The future of L.A.’s aerospace industry won’t be as glamorous as it was in the days when aircraft assembly lines dominated the area. Instead, it will depend on the region’s large base of subcontractors.

Over the next several years, these local subcontractors operating clean rooms, software houses and metal-bending shops from the Antelope Valley to the South Bay will follow the lead of their customers: merging and acquiring in order to survive.

Why? Because the subcontractors’ customers primary aerospace contractors have themselves merged with one another to the point where only a few major companies now remain. And the remaining “primes” driven by the cost cutting that came as a result of their mergers, a more competitive environment and economic troubles in Asia are more interested than their predecessors in squeezing subcontractors for all they’re worth.

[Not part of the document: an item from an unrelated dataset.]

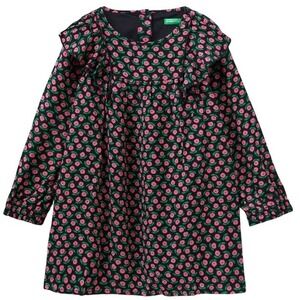 Benetton Toddler Floral Dress Size 2-3 Years Black Pink Cottagecore NWOT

In the old days, if Lockheed Corp., for example, didn’t want to pay enough for a fuselage section, a metal fabricator could go to Martin Marietta and sell that company a similar part. That enabled subcontractors to keep their prices high. Today, however, that’s not possible.

Subcontractors are merging “so they can become better suppliers for their key customers,” said David Van Buren, president and chief executive of Tecstar Inc., a City of Industry-based maker of solar panels for Lockheed, Loral Space & Communications, Boeing, Orbital Sciences Corp. and others. “I should expect this consolidation activity to really stay very busy during 1999.”

Tecstar itself reflects the consolidation activity. In 1996, while many of the primes were still merging in large numbers, Tecstar bought a Durham, N.C.-based electric systems division from Honeywell Inc. That division is now one of the Tecstar’s three main units.

“We continue to look at firms that might be attractive in that same regard,” Van Buren said, echoing the consolidation tendencies of many subcontractors.

Because L.A.’s subcontractor base is dominated by small businesses, many with fewer than 50 employees, mergers and acquisitions are not expected to result in a large number of layoffs. In addition, any potential losses are likely to be offset by the growth of the space industry. Given the presence of companies like Tecstar and Hughes Electronics (the world’s largest satellite maker), Los Angeles is well represented in that arena.

“I don’t see major layoffs,” said Jon Kutler, president of Century City-based Quarterdeck Investment Partners Inc., an investment bank specializing in the aerospace industry. Kutler added that further layoffs in the defense and commercial airplane areas, which have been weakened by the economic crisis in Asia, will be offset by growth of space.

That area is being driven by the large demand for commercial communications satellites, which are used for everything from relaying computer data to direct-to-home satellite television services. Demand for the rockets that launch those satellites into orbit is growing as well. That’s not only helping large companies like Hughes Electronics Corp. and Boeing Co., but their smaller suppliers.

Furthermore, Kutler said, many jobs in the commercial plane and defense areas are easily transferable to space so not only will growth in space offset declines in the other sectors, but the workforce is likely to be largely comprised of the same people.

Indeed, aerospace employment in L.A. County seems to be remaining steady at least over the last couple of years. That employment, however, is down substantially from its peak of 1990, when there were 123,300 aircraft and parts workers in the county. This year, the number is about 64,100.

In one area with a large number of aerospace subcontractors, the fabricated metal products sector, L.A. had 48,400 workers in November. That was the same number of workers as in the previous two months and up 0.8 percent from its year-earlier level.